# 2018 Rogue SV Audio/Radio Issue



## TracyGroom (Dec 29, 2017)

A few weeks ago I bought a 2018 Rogue SV with the Premium Package, and even if I turn the radio/audio off before turning the engine off the radio/audio comes back on when I start the engine up again. It’s rather annoying since I don’t listen to it very often. I searched the owner’s manual and there’s no setting to remedy this. In fact, the manual implies that this should not occur. I asked the service manager and a salesperson where I purchased the car if there was possibly a short in the radio/audio or if it was wired incorrectly, and I was just brushed off with a “No, they’re all like that...” They did not seem interested in helping me. I’ve driven Nissans, and cars in general, for many years and have never had or heard of a radio that comes on automatically even when it was turned off prior to shutting the engine off. Has anyone else experience this issue? What’s my best strategy for dealing with Nissan to get this resolved? Thank you.


----------



## tckramer (Jan 15, 2018)

I'm having this exact same problem with my 2018 Rogue SV that I just bought last week. I agree it is annoying...and sometimes inappropriate. I went to a funeral on Saturday, and had to quickly turn the audio off again once I started the engine. I've been going through all of the manuals and searching online, but I can't seem to find anything helpful. I plan to stop by my dealership one day this week and see what they say about it.

Have you made any progress on this issue?


----------



## tckramer (Jan 15, 2018)

I just wanted to give a quick update. My dealership was basically clueless too, and just said that it’s something all of them do. No real help from them. 

However, I was able to find a workaround until a solution can be found. I’ve been changing my audio source to aux before turning off the engine. Since the audio system automatically starts playing the last source used, as long as there isn’t anything plugged into the aux jack, the car will start with no music playing. 

I hope this helps


----------



## FieryJellyfish (Jan 23, 2018)

*Radio On Default is WRONG!*

I'm frustrated by this as well. I know of no car that I've ever bought that automatically turns the radio on when you start the car.

I've also noticed you can't turn it off right away while the system boots up and the logo takes its spin. After it's done you can turn it off.

This REALLY should be fixed... if they can't make it stay the same as when the car was turned off (radio on, leave it on, radio off, leave it off), then it should just be off. Radio on by default was a poor decision.


----------



## bucfanjeff (Feb 5, 2018)

TracyGroom said:


> A few weeks ago I bought a 2018 Rogue SV with the Premium Package, and even if I turn the radio/audio off before turning the engine off the radio/audio comes back on when I start the engine up again. It’s rather annoying since I don’t listen to it very often. I searched the owner’s manual and there’s no setting to remedy this. In fact, the manual implies that this should not occur.
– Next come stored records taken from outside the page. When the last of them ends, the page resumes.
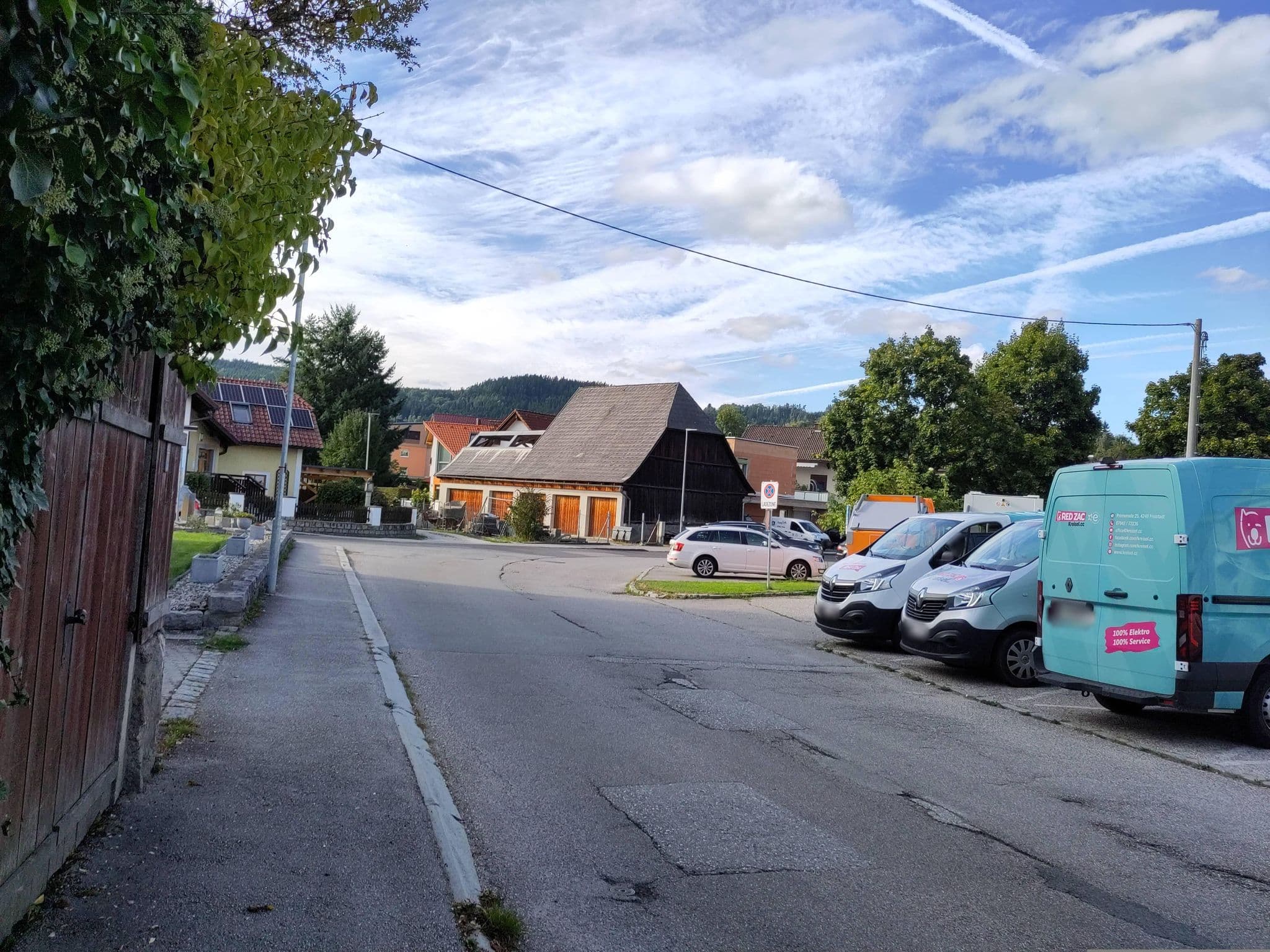 Street view near Privatpension Manzenreiter, Freistadt — © consens_verkehrsplanung (CC BY-SA · Mapillary)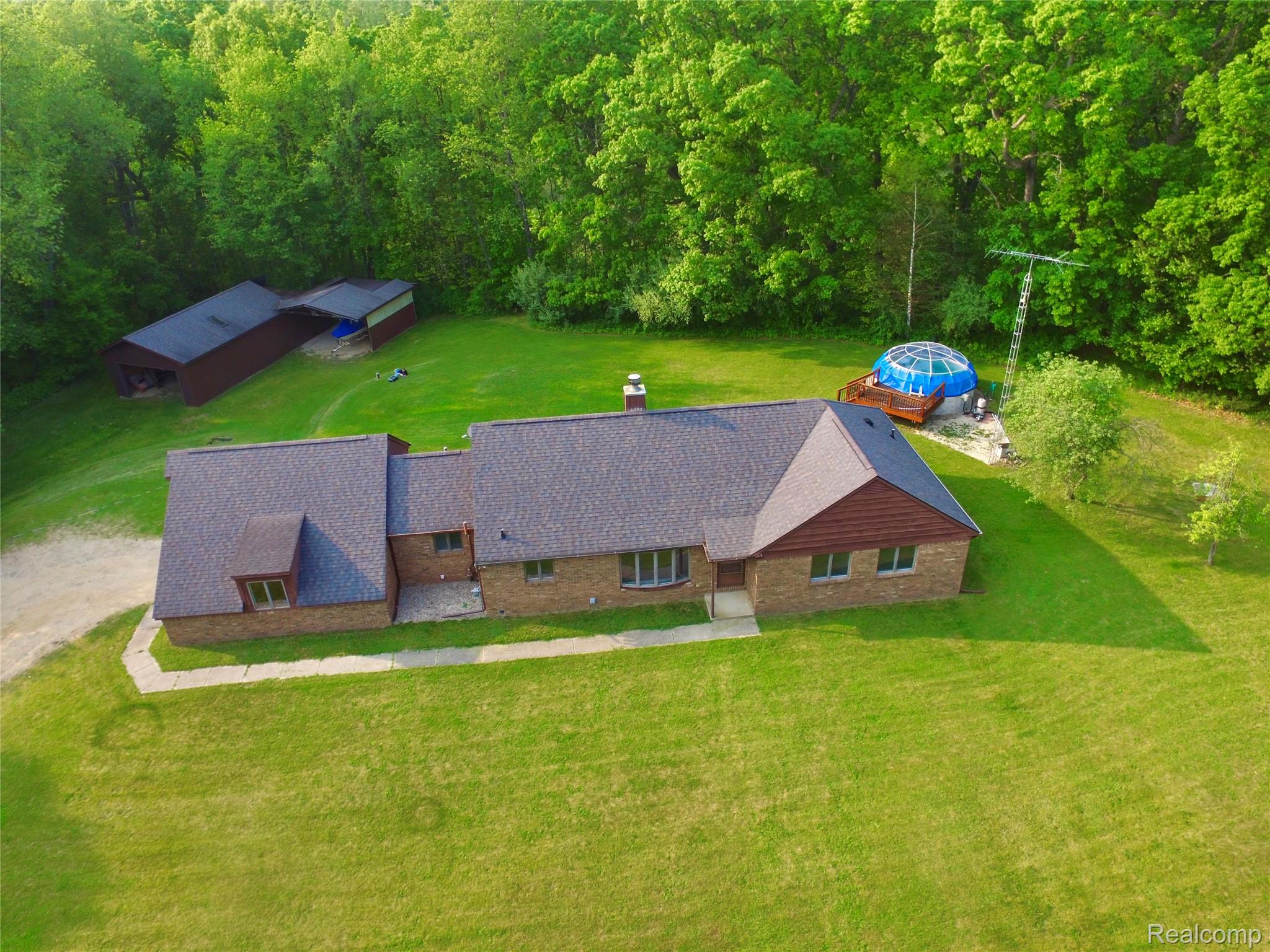 15640 GRAVES Road
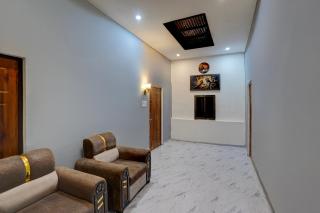 SPOT ON Surya Hotel - 8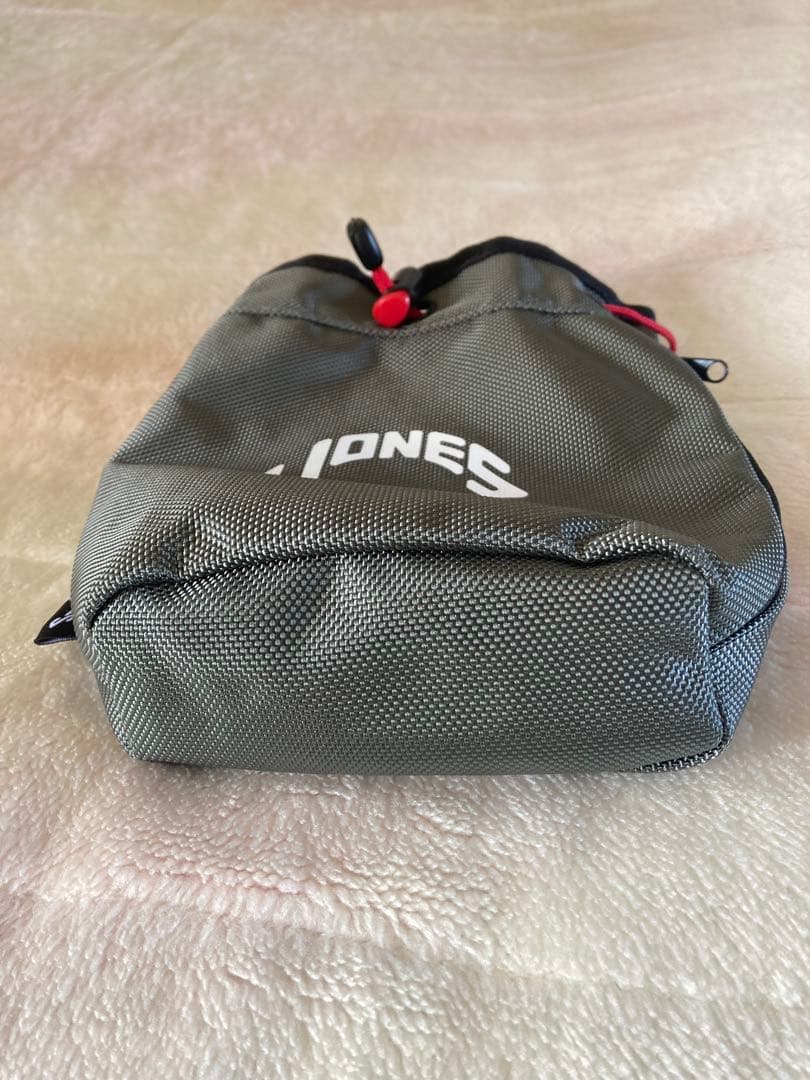 JONES ジョーンズ　ポーチ グレー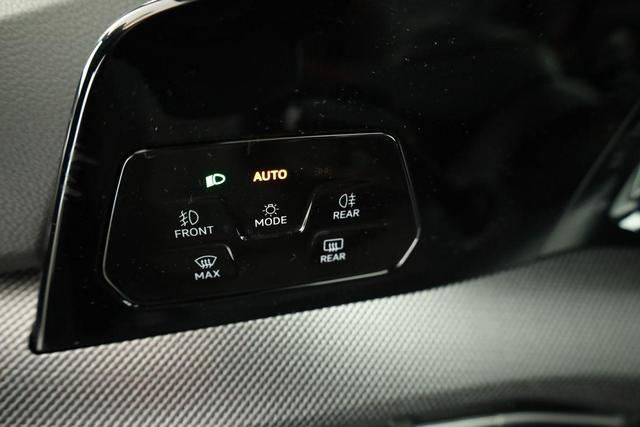 Volkswagen Golf 2.0 TSI 195 kW GTI VIII DSG, Navi, Side, Matrix, Kamera, Winter, 19-Zoll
I asked the service manager and a salesperson where I purchased the car if there was possibly a short in the radio/audio or if it was wired incorrectly, and I was just brushed off with a “No, they’re all like that...” They did not seem interested in helping me. I’ve driven Nissans, and cars in general, for many years and have never had or heard of a radio that comes on automatically even when it was turned off prior to shutting the engine off. Has anyone else experience this issue? What’s my best strategy for dealing with Nissan to get this resolved? Thank you.


I just bought a 2018 Nissan Rogue SV w/ Premium package a few days ago. I LOVE this car, but yes, my radio does the same thing. Is there a place we can formally post a complaint? Surely this is something they can fix with a software update.


----------



## rberteig (Feb 5, 2018)

I can confirm that my 2017 Rogue SV does not do this. The audio system restores to the same state it was in when I shut the car off and opened the driver's door. Specifically, if the audio was off then, it is still off when I turn the car back on. 

That is the behavior any reasonable person would expect. 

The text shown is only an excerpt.